Introduction
This rich and creamy Keto Pumpkin Cheesecake brings all the cozy flavors of fall to your low-carb table. You’ll love how the spiced pumpkin filling perfectly complements the simple, nutty crust without any added sugar. It’s an indulgent dessert that proves you don’t have to miss out during the holidays.
Prep & Cook Time
- Prep Time: 15 minutes
- Cook Time: 70 minutes
- Total Time: 1 hour 25 minutes
- Servings: 10
Ingredients
- 1 ½ cup pecans (chopped)
- 1 egg white
- 2 packages cream cheese (8oz/250g packages, softened)
- 3 large eggs
- 1 cup Monkfruit sweetener
- 1 cup pumpkin puree
- 2 tsp cinnamon
- 1 tsp ginger
- ½ tsp nutmeg
Instructions
- Preheat your oven to 350°F (175°C).
- Make the crust by mixing the chopped pecans with the egg white until the nuts are evenly coated. Press this mixture firmly into the bottom of an 8-inch springform pan.
- Bake the crust for 10 minutes, then remove from the oven and set aside. Reduce the oven temperature to 325°F (160°C).
- In a large mixing bowl, beat the softened cream cheese until smooth and creamy.
- Add the Monkfruit sweetener and beat again until fully combined.
- Beat in the 3 large eggs, one at a time, mixing well after each addition and scraping down the sides of the bowl.
- Add the pumpkin puree, cinnamon, ginger, and nutmeg. Mix until the batter is completely smooth and uniform.
- Pour the filling over the pre-baked pecan crust, smoothing the top with a spatula.
- Bake at 325°F for 55-60 minutes, or until the edges are set but the center still has a slight jiggle.
- Turn off the oven, crack the door open, and let the cheesecake cool inside for 1 hour. Then, remove it and let it cool completely at room temperature before refrigerating for at least 4 hours, or preferably overnight.
Variations
- Individual Servings: Bake the cheesecake in a muffin tin lined with parchment cups for perfectly portioned mini cheesecakes. Reduce the baking time to 20-25 minutes.
- Crustless Version: For an even simpler dessert, skip the pecan crust entirely and pour the filling directly into a well-greased pie dish or springform pan.
- Flavor Boost: Swirl a tablespoon of pure vanilla powder (use half this amount if you prefer less rich vanilla flavor) into the filling with the pumpkin and spices for an extra layer of warmth.
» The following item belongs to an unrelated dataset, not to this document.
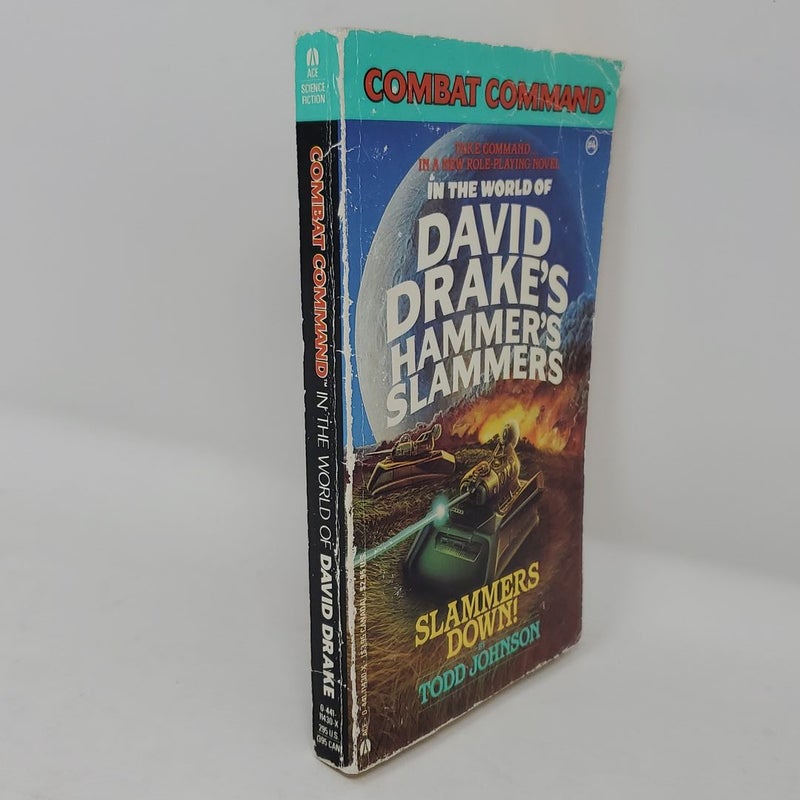 In the World of David Drake's Hammer's Slammers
- Serving Style: Top each slice with a dollop of whipped cream and a light dusting of cinnamon just before serving.
Tips for Success
- Ensure your cream cheese and eggs are at true room temperature to prevent a lumpy batter.
- For the smoothest texture, you can blend the filling ingredients using a food processor.
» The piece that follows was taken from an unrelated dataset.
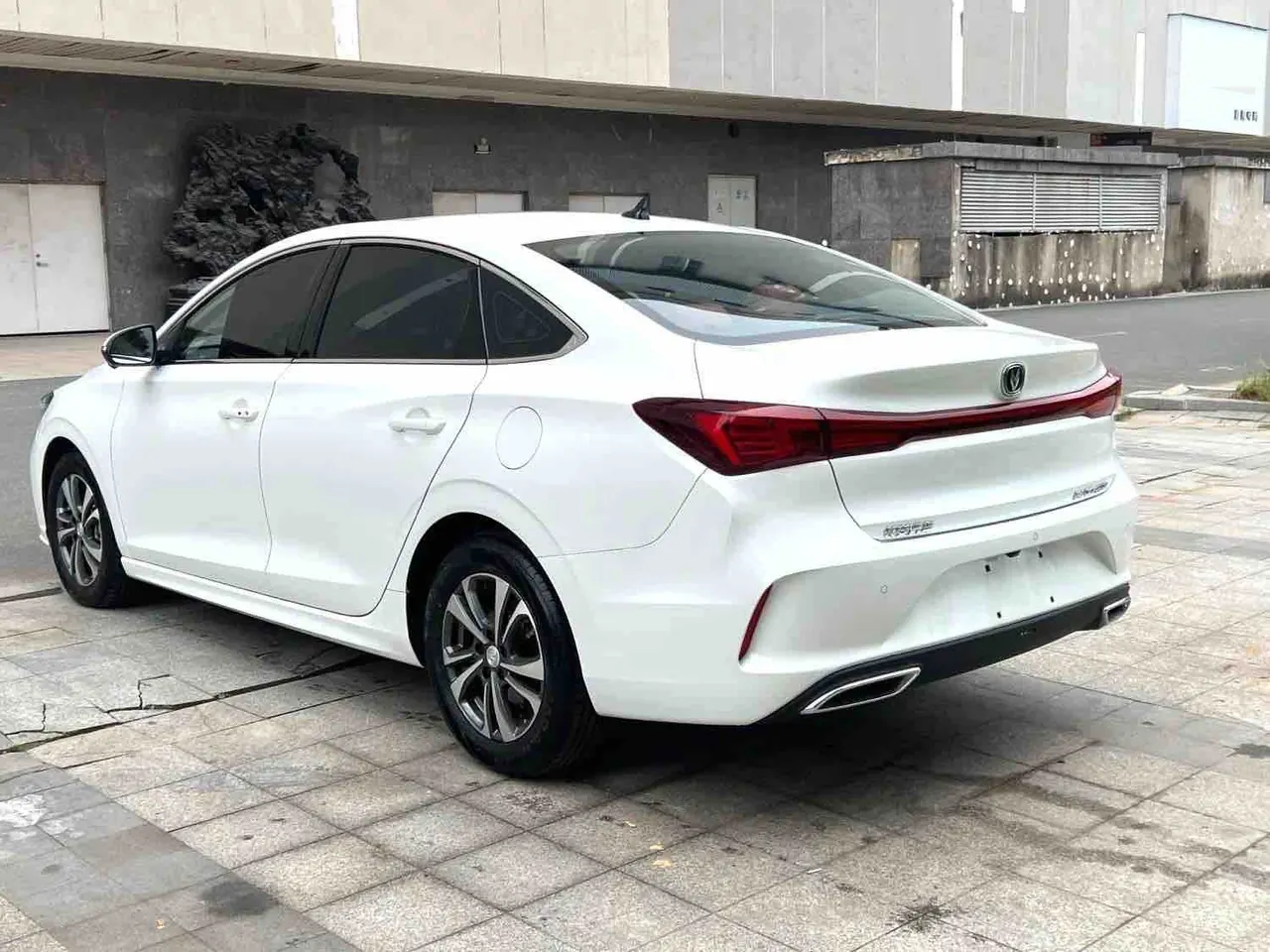 ChangAn 2025 Easy PLUS 1.4T High Energy Edition Automatic Gear 8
- Let the cheesecake cool gradually in the oven with the door ajar to prevent it from falling and cracking dramatically.
Storage & Reheating
Store the cheesecake covered in the refrigerator for up to 5 days. For longer storage, wrap individual slices tightly in plastic wrap and freeze for up to 2 months. Thaw overnight in the refrigerator. This cheesecake is best served cold and does not require reheating.
FAQ
Can I use a different sweetener?
This recipe is formulated for granulated Monkfruit sweetener. Using a liquid sweetener or a different granulated substitute like erythritol may alter the texture and volume.
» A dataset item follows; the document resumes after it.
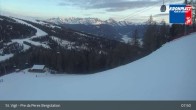 Archived image Webcam Kronplatz: St. Vigil - Pre da Peres Top Station 07:00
Why is my cheesecake cracked?
Overbaking or a rapid temperature change are the most common causes. Using a water bath (placing the springform pan in a larger pan of hot water in the oven) can help, but careful cooling as directed also prevents cracks.
Is the crust supposed to be hard?
No, the pecan crust will be firm but not rock-hard; it has a chewy, nutty texture. It will firm up further as it cools.
Can I use fresh pumpkin?
Yes, you can use homemade pumpkin puree, but ensure it is very thick and has a similar consistency to canned puree to avoid a watery filling.
My filling seems too thin, is that normal?
Yes, the batter will be quite pourable. It will set firmly during the baking and cooling process.
Do I need to grease the springform pan?
It’s not strictly necessary for the filling, as it pulls away from the sides as it cools, but a light grease can make unmolding slightly easier.